**The task:** Transcribe only what runs from the line containing "this 783×587 image." through the final line below, exactly, and leave every picture out.

Images for object localization

◇ ◇ ◇ ◇ ◇

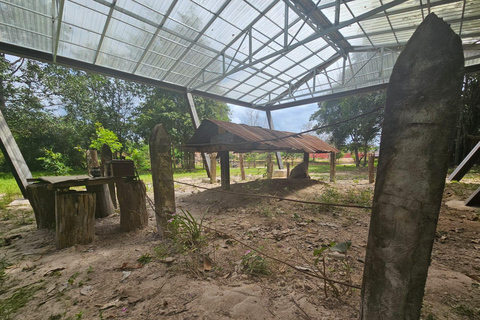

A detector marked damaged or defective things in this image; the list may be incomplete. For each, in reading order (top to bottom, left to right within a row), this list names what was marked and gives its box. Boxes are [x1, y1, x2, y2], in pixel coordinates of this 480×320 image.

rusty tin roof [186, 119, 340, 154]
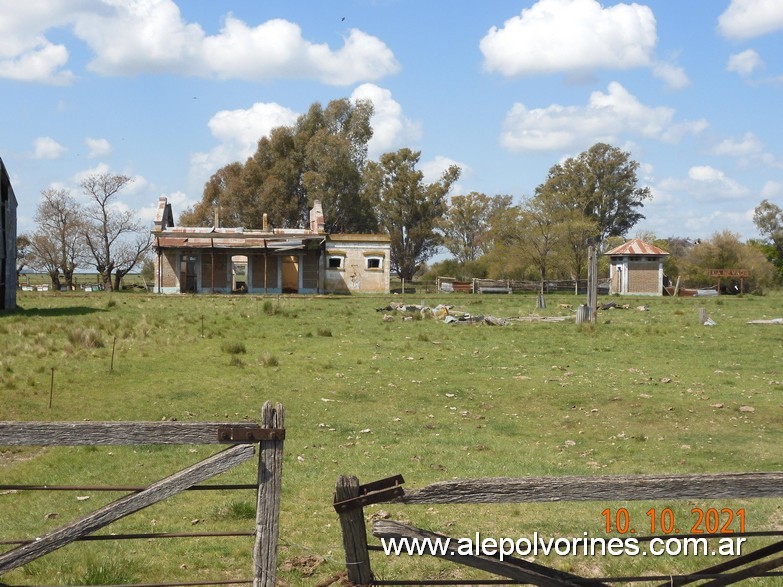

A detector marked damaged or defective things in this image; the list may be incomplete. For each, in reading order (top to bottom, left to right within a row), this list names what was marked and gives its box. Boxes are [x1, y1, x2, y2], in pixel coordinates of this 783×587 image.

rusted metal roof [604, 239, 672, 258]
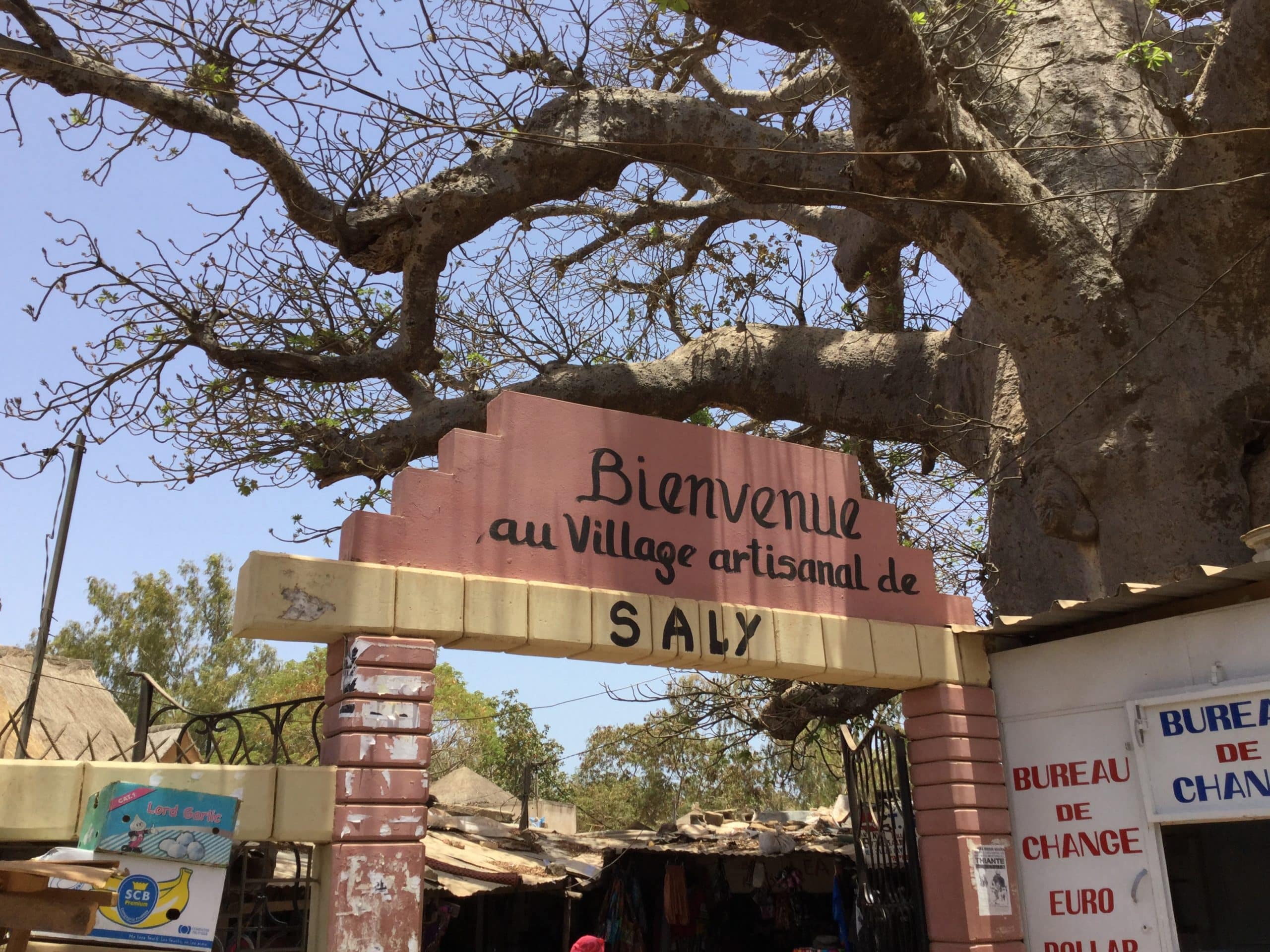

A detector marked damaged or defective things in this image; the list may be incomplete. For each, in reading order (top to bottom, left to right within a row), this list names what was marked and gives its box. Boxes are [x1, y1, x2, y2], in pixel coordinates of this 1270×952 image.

◇ ◇ ◇ ◇ ◇

**Expected answer:**
A detector marked damaged or defective things in this image; the list may be incomplete. For each, in reading order (top to bottom, left to right within a row), this list names what was marked and gives its box. Boxes are [x1, y1, x2, y2], in pixel coordinates of this 783×587 image.

rusted metal roof [604, 239, 672, 258]

A detector marked damaged or defective things in this image; the list may be incomplete. For each, in reading order (top to bottom, left to right within a row), this list names what was marked and gives its box. Boxes are [x1, y1, x2, y2], in pixel coordinates of this 1270×952 image.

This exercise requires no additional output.